Mariana Leitão defende também a revisão da lei laboral, insistindo que o Governo deve levar o tema ao parlamento.
A presidente da IL pediu esta terça-feira ao executivo que ponha na governação o "mesmo esforço e empenho" que dedica à propaganda, embora tenha considerado normal o recurso a ferramentas como o Newswhip.
Em declarações aos jornalistas, à margem de uma visita à Sagalexpo, na FIL, em Lisboa, Mariana Leitão comentou a polémica em torno da contratação da ferramenta NewsWhip pelo executivo, defendendo que é normal que "haja cuidados na área da comunicação" por partes dos governos, mas deixando críticas ao investimento feito em propaganda.
"É normal que os governos também utilizem alguns desses serviços. Agora, o que é importante é que este Governo, que de facto tem feito um investimento enorme em propaganda, comece a pôr o mesmo esforço e o mesmo empenho na governação. Eu acho que esse deveria ser o foco", afirmou.
Para Mariana Leitão, se o executivo liderado por Luís Montenegro "conseguir pôr tanto esforço em governar o país bem, como tem posto em propaganda, em ferramentas de comunicação, investimento para redes sociais, certamente que o país ficaria melhor".
A líder liberal abordou também a revisão da lei laboral, insistindo que o Governo deve levar o tema ao parlamento, depois de dezenas de reuniões na concertação social sem "sequer um vislumbre de consenso".
Leitão reiterou que a IL procurará, na discussão parlamentar, "flexibilizar o mercado laboral" sem comprometer a segurança dos trabalhadores, mas não adiantou propostas concretas, sublinhando que neste momento não é sequer conhecido o ponto exato em que está o documento em discussão.
"É importante que o Governo nos apresente o documento final", sublinhou, frisando também que o partido vê como resolvidas a "grande maioria das coisas" sobre as quais tinha reservas, como as mudanças nos direitos de parentalidade.
Mariana Leitão referiu ainda a reunião que o Presidente da República, António José Seguro, pretende ter com os parceiros da concertação social, considerando que só será útil se de lá surgir uma solução para esta situação.
"Se for só mais uma reunião para depois ficar tudo na mesma, desculpem, não é produtiva certamente", considerou.
Sobre a substituição do secretário de Estado da Gestão da Saúde, anunciada esta manhã pela Presidência da República, Mariana Leitão disse desconhecer os contornos desta mudança, mas defendeu que "os problemas da saúde e a forma de os resolver não dependem das pessoas que lá estão, dependem sim das políticas que são seguidas".
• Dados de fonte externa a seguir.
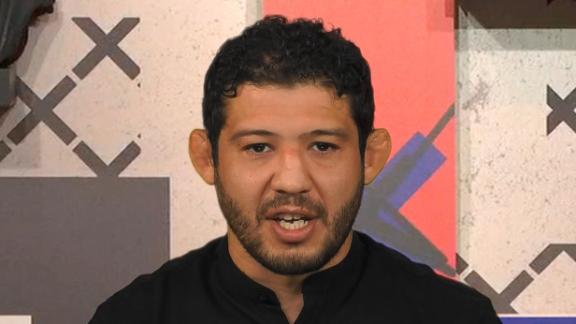 Melendez contemplates future after UFC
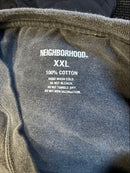Neighborhood T-Shirts Xxl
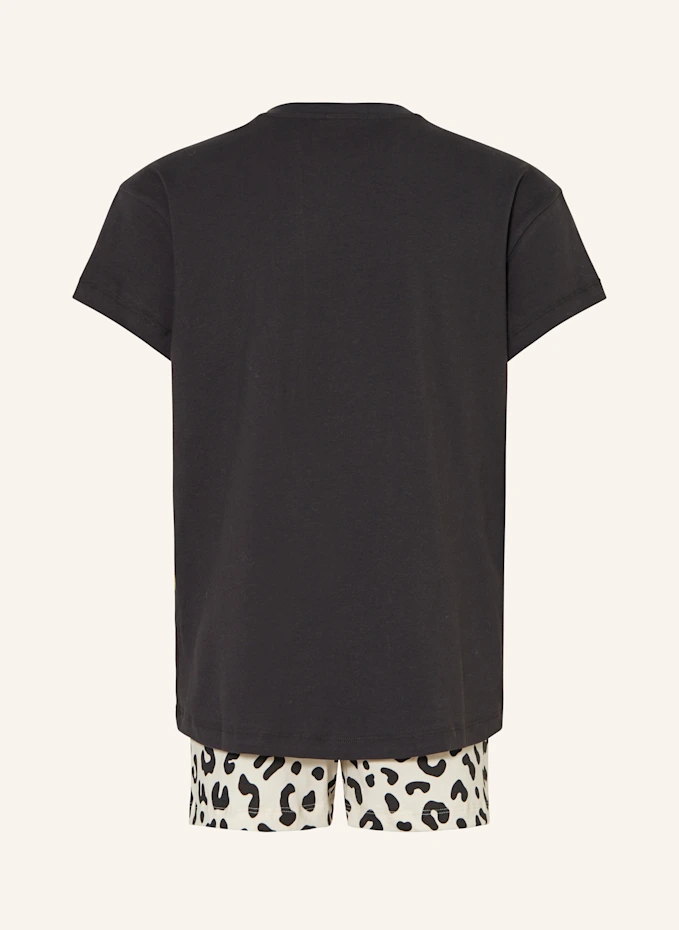 Sanetta Sanetta Shorty-SchlafanzugKIDS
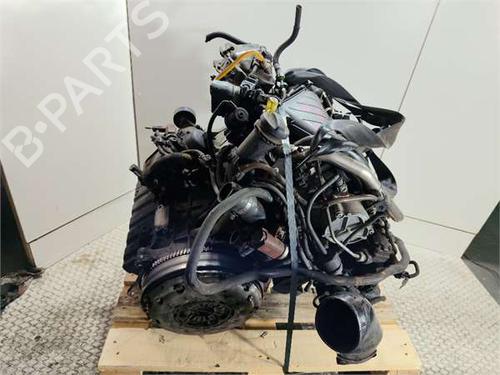 Used Engine Engine VOLVO S40 II (544) 2.0 D (136 hp) 35395605 35395605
"É preciso não esquecer que Luís Montenegro ainda em 2024 disse que ia resolver os problemas da saúde em 60 dias. Passaram-se dois anos e nós continuamos à espera", atirou.
Em relação à subida dos preços nos alimentos, a líder da IL pediu uma resposta "muito mais estrutural" do que conjuntural, caso contrário, argumentou, "cada vez que houver qualquer situação que não se está à espera", como uma tempestade ou uma guerra, o país estará "sempre à mercê destas flutuações".
"É importante que haja, por parte do Governo, um esforço para que se consiga baixar verdadeiramente os impostos, nomeadamente combustíveis, os impostos sobre o trabalho, o próprio IRC, para garantir que as empresas também se tornam mais competitivas", apelou.